## [Description of the task]
Copy the records below word for word, from the first line through the line that contains "We hope you've", and leave out any pictures.

## [Data excerpts]
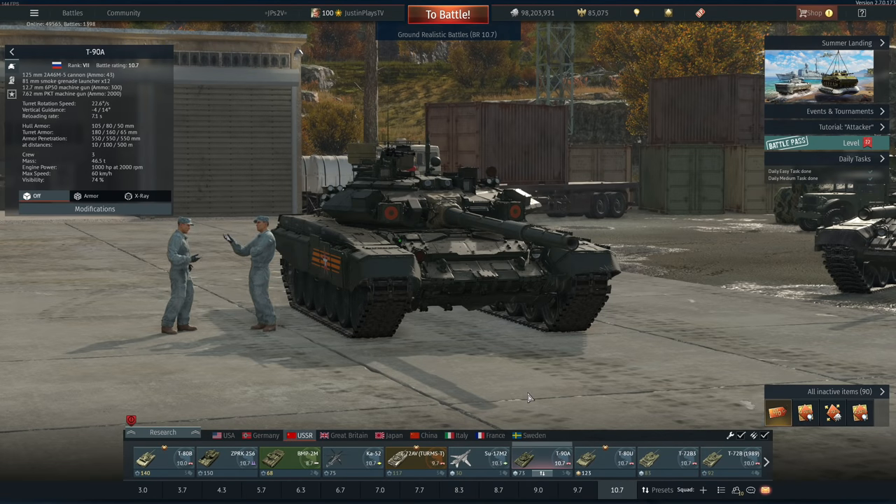It's been a bit of a minute since we've last taken a look at the T90A. The vehicle's been out for a little under a year, which is kind of surprising because this vehicle has seen quite a few changes — some not really for the better, others for the better. It's kind of confusing. I'll explain in just a quick second.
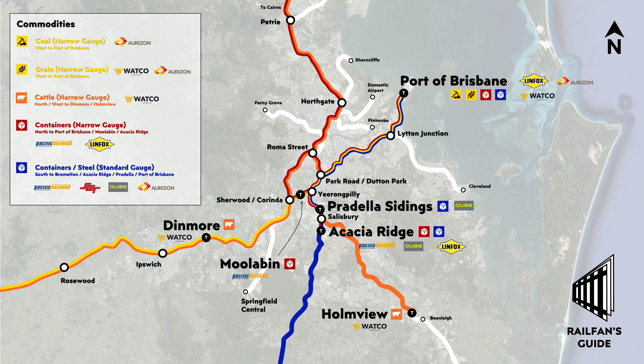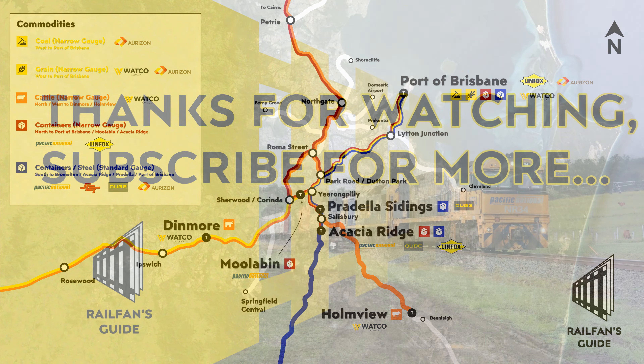We hope you've enjoyed our first Railfan's Guide and learnt a thing or two about freight operations in Brisbane. If you've found this video helpful, why not give us a like or a comment, and if you want to see the next episode in the series as soon as it's released, why not subscribe?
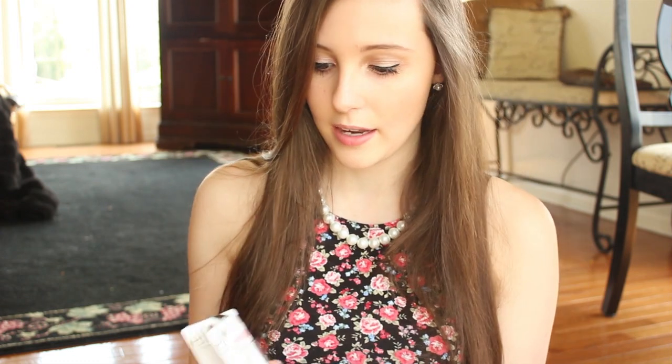I wanted to try out their luscious liquid lipsticks. I got three colors: the first one is in pink lemonade, the second is cherry tart — which is pretty much the same color as pink lemonade but with a little less shimmer — and then I got this really pretty baby pink called baby lips.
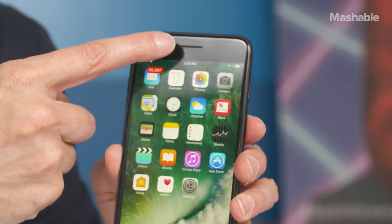Apple replaced the front-facing selfie and FaceTime camera with a 7 megapixel camera, which also includes auto image stabilization.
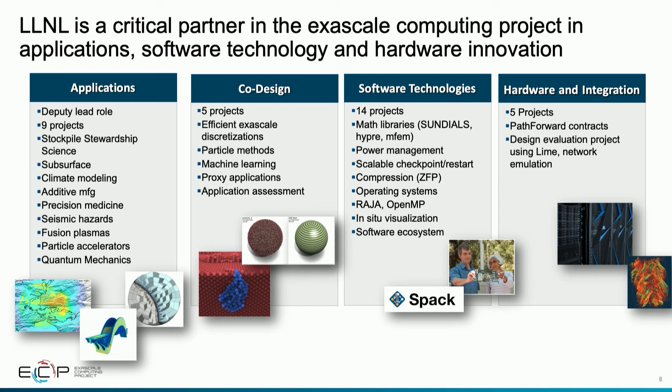For software technology, we're involved in 14 of 30 different projects — primarily in our math library space, user productivity and developer space, including debugging tools, compiler technologies, and programming models. We are very active in Raja, a performance portability tool initially developed for the ASC mission and stockpile stewardship that we're now making broadly available across the Department of Energy. We're also exploring forward-leaning technologies such as in-situ compression techniques to reduce the data movement bottleneck.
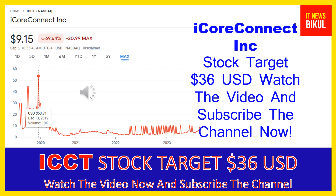Hello friends, today I have taken a very good stock for you that will give you very good returns in coming days. That stock is iCoreConnect — ICCT stock — now trading at $9.15 USD level on September 6th. If you want, you can invest now in ICCT stock and earn good profit in coming days. iCoreConnect company market cap is $59.752 million.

## [Answer to this exercise]
It's been a bit of a minute since we've last taken a look at the T90A. The vehicle's been out for a little under a year, which is kind of surprising because this vehicle has seen quite a few changes — some not really for the better, others for the better. It's kind of confusing. I'll explain in just a quick second.
We hope you've enjoyed our first Railfan's Guide and learnt a thing or two about freight operations in Brisbane. If you've found this video helpful, why not give us a like or a comment, and if you want to see the next episode in the series as soon as it's released, why not subscribe?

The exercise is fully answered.